In 1994 I was working for a company that was making GPS car navigation systems. Very primitive, compared to what are out there today, but still, they existed.

Based on the cite quoted above, I am wondering if there is more truth to this than I initially though, it definitely seems like some people “doubted that relativistic effects were truths that would need to be incorporated”. Who exactly those people were however is not clear.

An awful lot of WAGging for GQ. :mad: Since I have some actual information, perhaps I can add it. A number of years ago I heard a lecture by Clifford M. Will “Was Einstein right”. He has also written a book on the subject, see the third item of the bibliography on Clifford Martin Will - Wikipedia. Here’s a summary from memory of what he said. I don’t recall that he said anything about high brass, but he was on a committee to review the calculations involved in the GPS and the committee discovered that the engineers who designed it made no provision to account for general relativity, believing it to be a minor effect that did not need to be taken into account. So the committee evaluated that (along with other parts of the calculation) and discovered that even though the rest of it was right, failure to take relativity into effect would cause the readings to drift by something like 13 km per day! So relativity was built-in and the readings have been remarkably stable. He considered the latter to be important evidence that GR was correct.

As for when GPS became generally available, there were receivers by 1990. In fact, the army, I have read, had so few that they bought civilian models during Gulf War I. Originally the civilian models were accurate only to about 100 meters because there were secret built-in variations in the readings to prevent the enemy from using them with the same accuracy. This meant, among other things, that the civilian models the army bought were inaccurate. Eventually, some clever mathematicians tracked the inaccuracies over a long time and were able to learn the secret variations and design around them. Then Clinton ordered the no-longer secret variations to be published and that ended that. They are now accurate to about 10 meters, maybe a bit better.

I’m responding to the original OP scenario quoted below. Your scenario is entirely plausible and utterly dissimilar.The OP had the college educated brass with fairly high levels of technical acumen and experience in dealing with engineers, scientists and complex systems, effectively doubting that relativistic time effects even existed which is complete horseshit.

Did you read the cite above?

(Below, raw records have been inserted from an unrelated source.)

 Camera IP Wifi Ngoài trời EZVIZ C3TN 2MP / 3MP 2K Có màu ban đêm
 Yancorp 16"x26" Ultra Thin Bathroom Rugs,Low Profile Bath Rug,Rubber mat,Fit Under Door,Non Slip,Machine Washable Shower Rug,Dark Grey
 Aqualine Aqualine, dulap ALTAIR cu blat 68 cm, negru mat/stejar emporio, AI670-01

That was from a professor of General Relativity who was extensively involved in the physics of GPS satellites:

Also according to someone in the QI thread on this, Prof Cox was also told this story by a member of the US military at the GPS facility in Colorado (this exchange is from an episode of BBC Horizon entitled “Do you know what time it is?”, which isn’t available online. So I can’t verify or give any details.)

There is huge world of difference between debating if an effect will have an operational impact vs whether the effect exists at all. The cite by the OP claims the debate was on the very existence of a relativistic effect, not it’s impact.

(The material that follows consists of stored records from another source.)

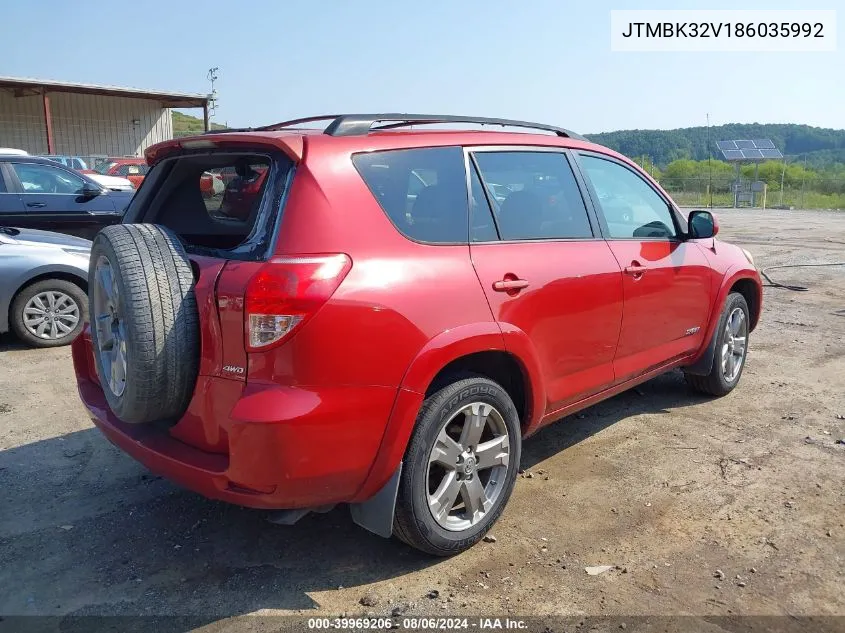 2008 Toyota Rav4 Sport V6 VIN: JTMBK32V186035992 Lot: 39969206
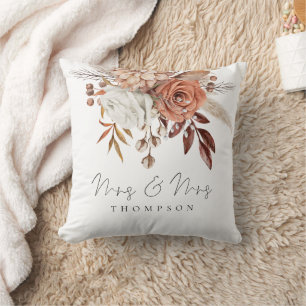 Terracotta Florals Mrs Mrs Name Newlyweds Cushion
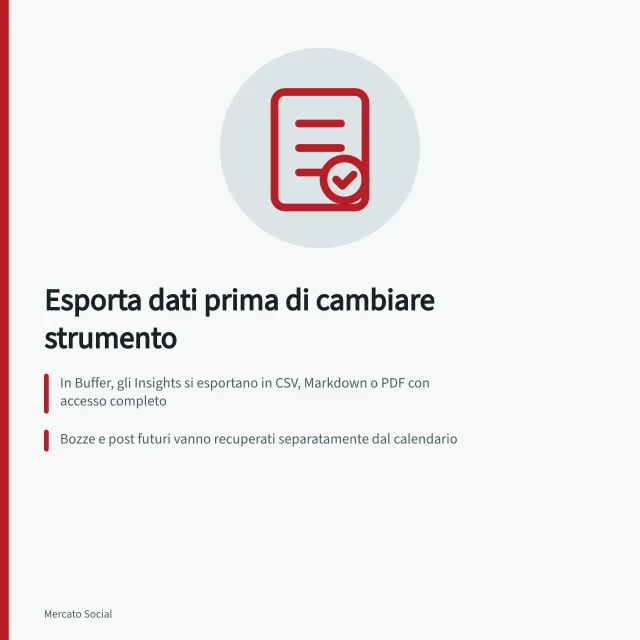 Esporta dati prima di cambiare strumento: In Buffer, gli Insights si esportano in CSV, Markdown o PDF con accesso completo; Bozze e post futuri vanno recuperati separatamente dal calendario; Per ogni file registrare origine, data, periodo e verificare l'apertura. Esportare materiali e dati prima di cambiare strumento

They didn’t just doubt the impact they’d have, they doubted whether they were “truths” that is exactly what Prof Cox claimed.

Now that I think about it, is there any other consumer product outside of GPS that needs to take into account the General Theory of Relativity? Or the Special Theory of Relativity, for that matter?

Good point, lots depend on the weirder affects of quantum physics. One of the cooler ones is the way modern airbag components are so small their design has to take into account Casimir force which is generated by virtual particles appearing out of nothing in the quantum gravity.

I can’t think of any that take into account relativity (except presumably other satellite communication devices).

The venerable “plugger” perhaps?

But the link apparently isn’t specific as to who “they” are in this case.

Hey, Colonial, what’s with the carriage returns? You’re wasting my screen space.